23-year-old digital entrepreneur, Sibu Mpanza who specializes in creating video content for social media has won the hearts of South Africa and the shores beyond, landing deals with Suzuki while building his YouTube empire.
“I entered a space that was fairly new and dared to take my content seriously. I think a lot of people are too scared to start something new because they might not be the best at it. That should be okay. You learn best when you hit the ground running. I think that’s what set me apart from a lot of people when I started creating. I wasn’t afraid to suck,” says Sibu.

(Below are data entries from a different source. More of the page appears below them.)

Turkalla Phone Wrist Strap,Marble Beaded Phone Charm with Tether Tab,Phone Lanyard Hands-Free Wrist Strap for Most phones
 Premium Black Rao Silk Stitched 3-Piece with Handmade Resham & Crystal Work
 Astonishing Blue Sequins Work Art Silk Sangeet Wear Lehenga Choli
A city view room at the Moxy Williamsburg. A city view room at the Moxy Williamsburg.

“A lot of the boundaries I push are things that have been done in other countries already, I just had to make them work down here. A lot of us are worried that our growth in the industry cannot be the same as those in Europe or the states but it can be just as big if not bigger. Starting a second channel (More Mpanza) is a concept only done by MUCH bigger Youtubers. I told myself I would not wait until it felt more acceptable, I would do it now,”

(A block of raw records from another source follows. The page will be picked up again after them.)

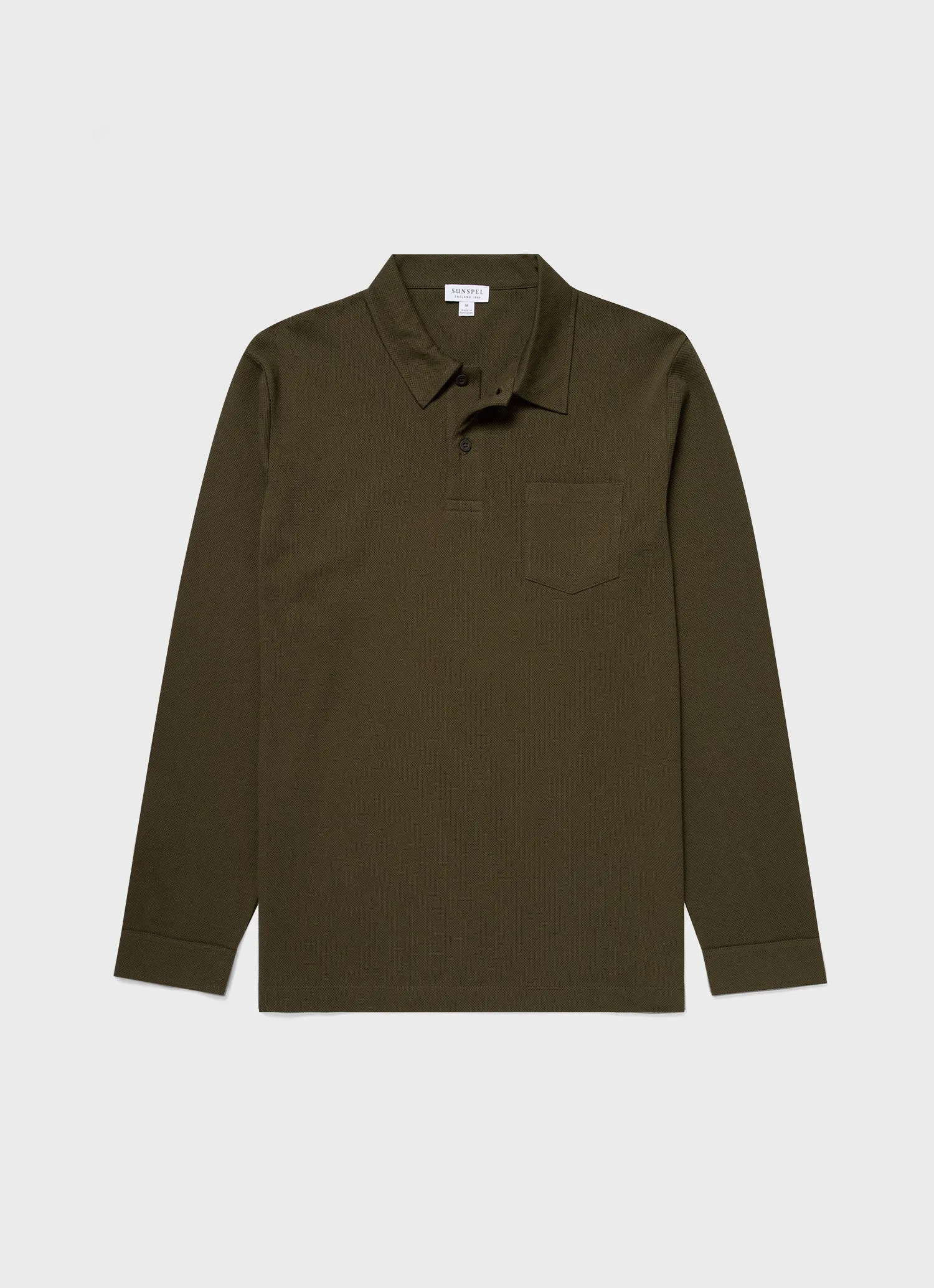 Men's Long Sleeve Riviera Polo Shirt in Dark Olive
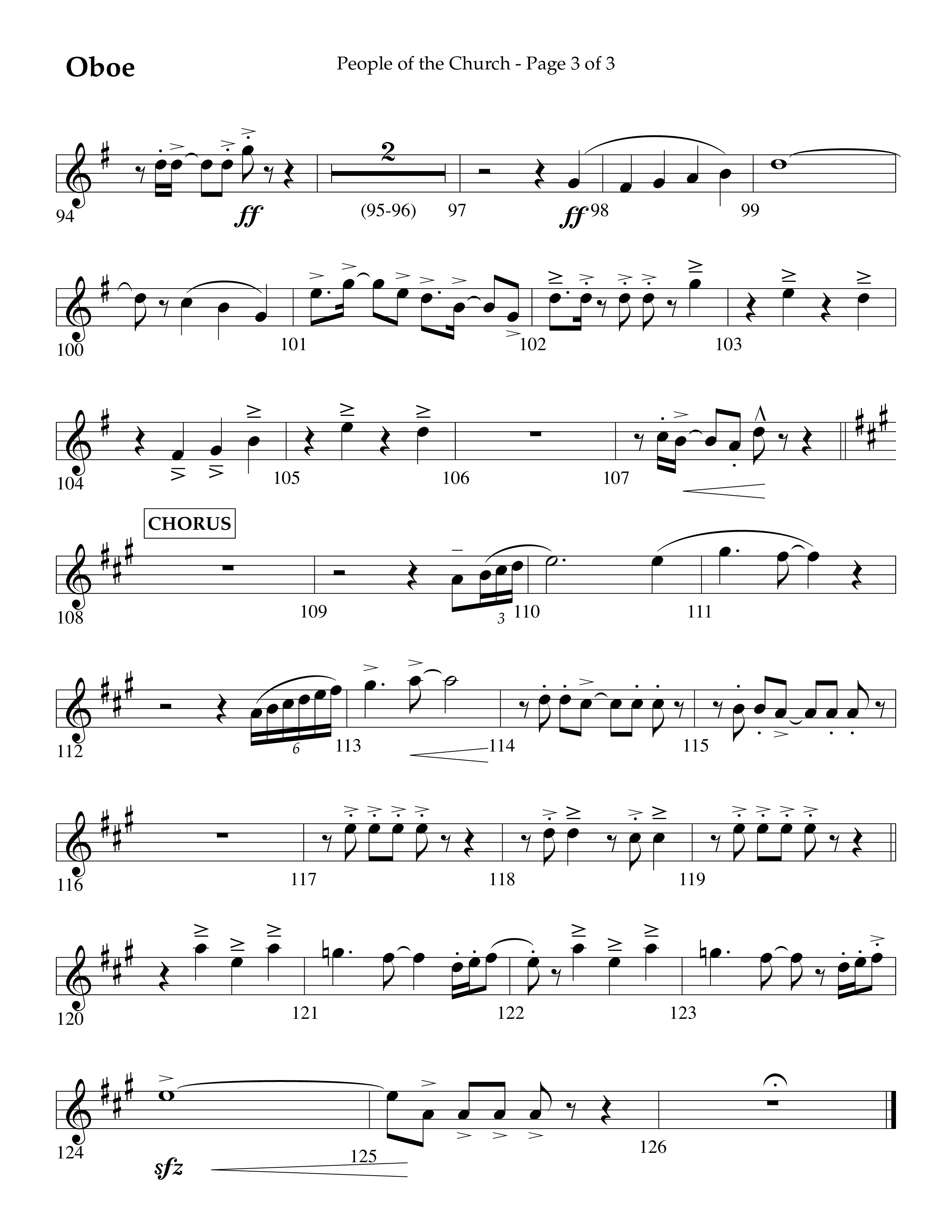 People Of The church (Choral Anthem SATB) Oboe (Lifeway Choral / Arr. Eric Belvin / Arr. John Bolin / Arr. Don Koch / Orch. Danny Mitchell)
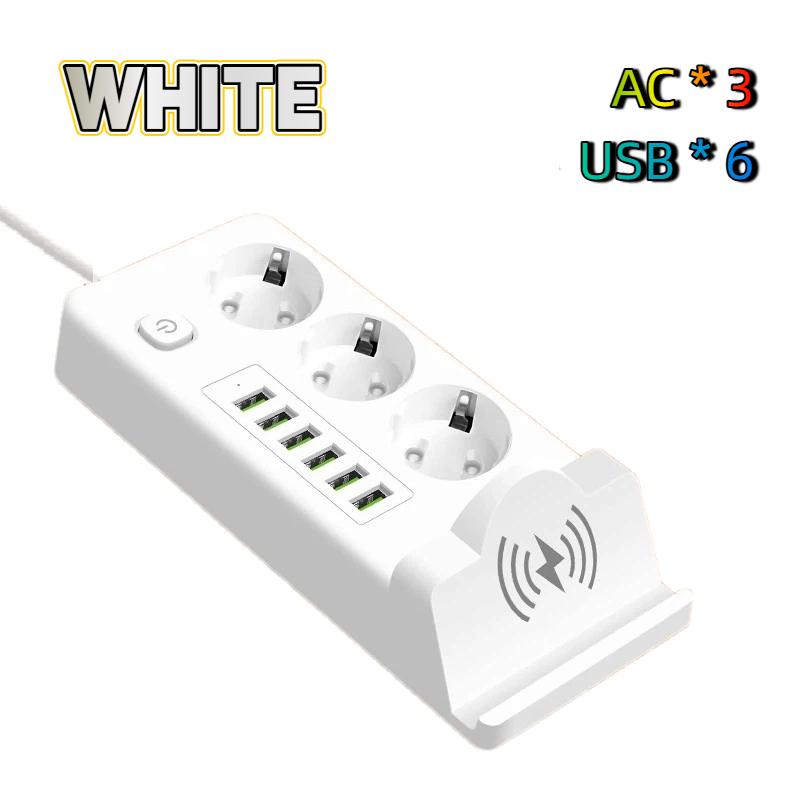 EU To EU Power Station – Multi-Outlet USB PD Strip with Built-in Charging Pad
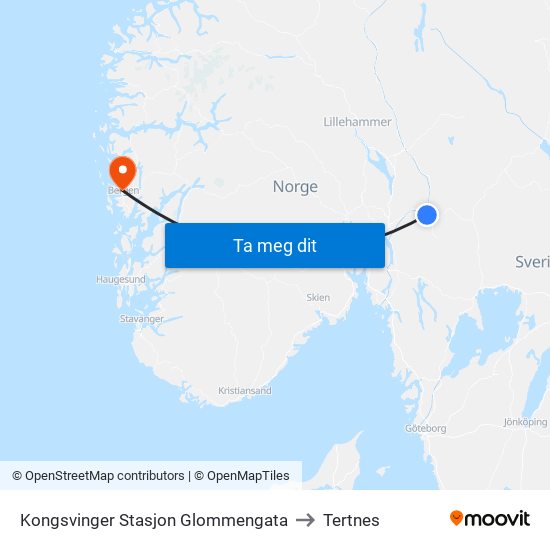 Kongsvinger Stasjon Glommengata to Tertnes map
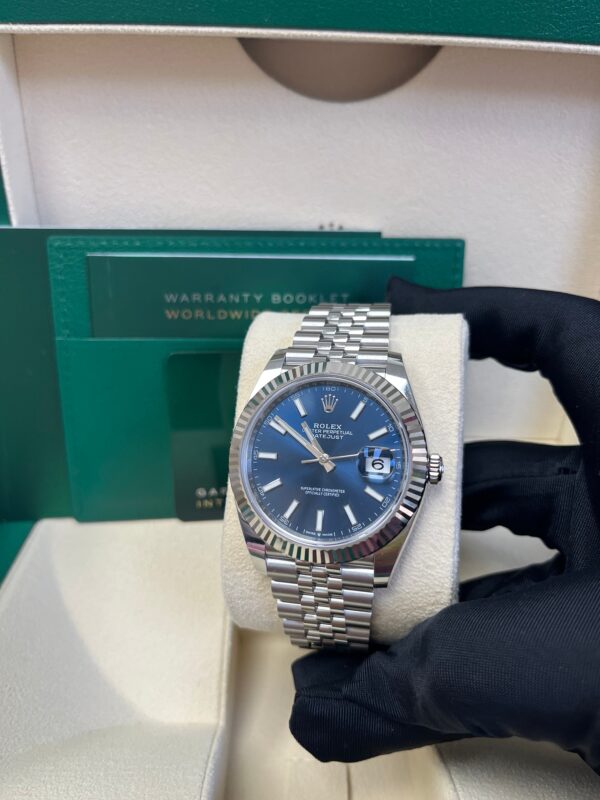 Rolex Datejust 41 White Gold and Steel Blue Index Jubilee Fluted Bezel (Ref#126334) - Image 4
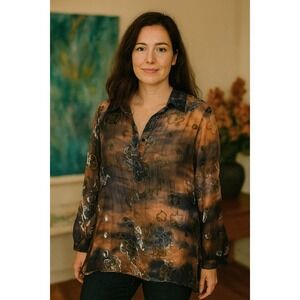 Mariella Burani Top Womens 46 Large Silk & Velvet Burnout Rust Tie Dye Tunic‎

Sibu has been in the digital space for some time now but despite all the accolades and success, he humbly says one of his greatest achievements thus far is being able to help his mother with paying school fees for his siblings.
Sibu says the the creative industry in South Africa is beautiful, especially in Johannesburg. “I felt this great sense of representation when I moved to Jozi. Everybody is looking to do the next best thing. Everybody is looking to collaborate, everyone is looking to grow their platform. I cannot fully speak for other industries, but video content creation is growing so fast I cannot keep up with who the latest YouTuber is now. I love it,” he says.

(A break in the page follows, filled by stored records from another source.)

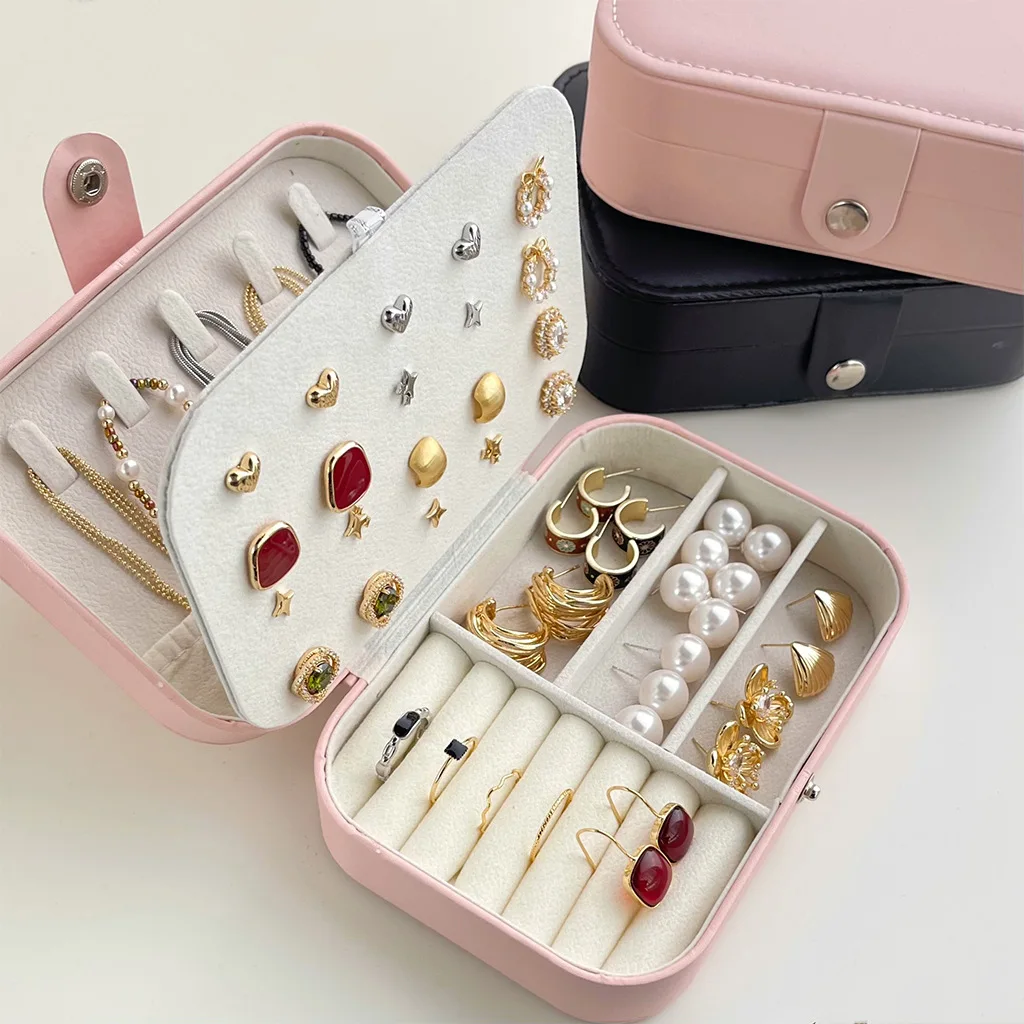 Simple High Jewelry Box Earrings Necklace Ring Storage Box Wholesale Double Layer Portable Antioxidant Head Comes with a storage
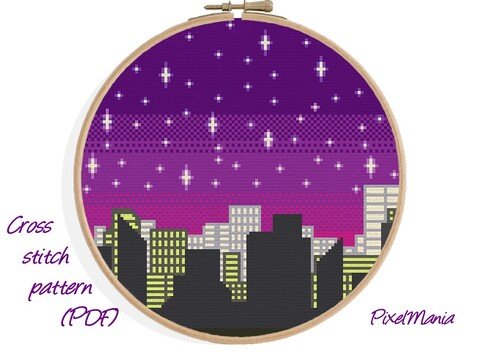 Kreuzstich * Stadt bei Nacht * Grafik für Stickbild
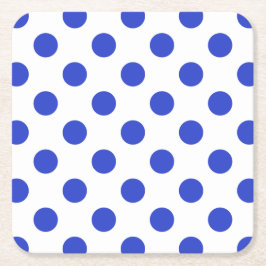 Königlich blaue Polka-Punkte Rechteckiger Pappuntersetzer
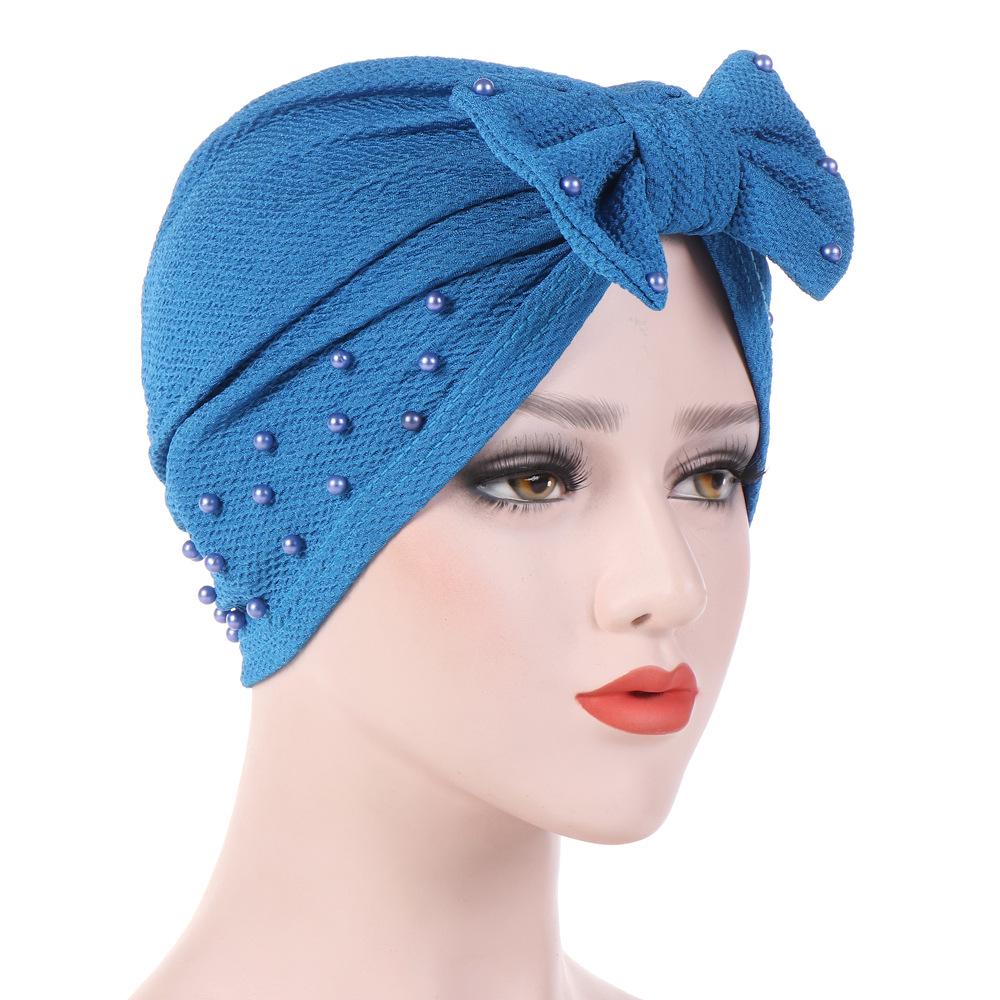 Detachable Active Bow Beaded Headscarf Turban Hat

Words that Sibu will never forget that have helped him in shape his digital career is that it is important to create a community. “You will grow faster together than you will alone,” he says.
Life is not all roses especially being a young Black man in the current South African socio-economic landscape as Sibu reflects on the sobering reality that he has to work twice as hard than his white male counterparts while not forgetting his own male privilege.
“It means using the spaces I am allowed to take up as a man to elevate the black women around me. It means pushing hard to reach my number one goal, economic freedom,’ says Sibu.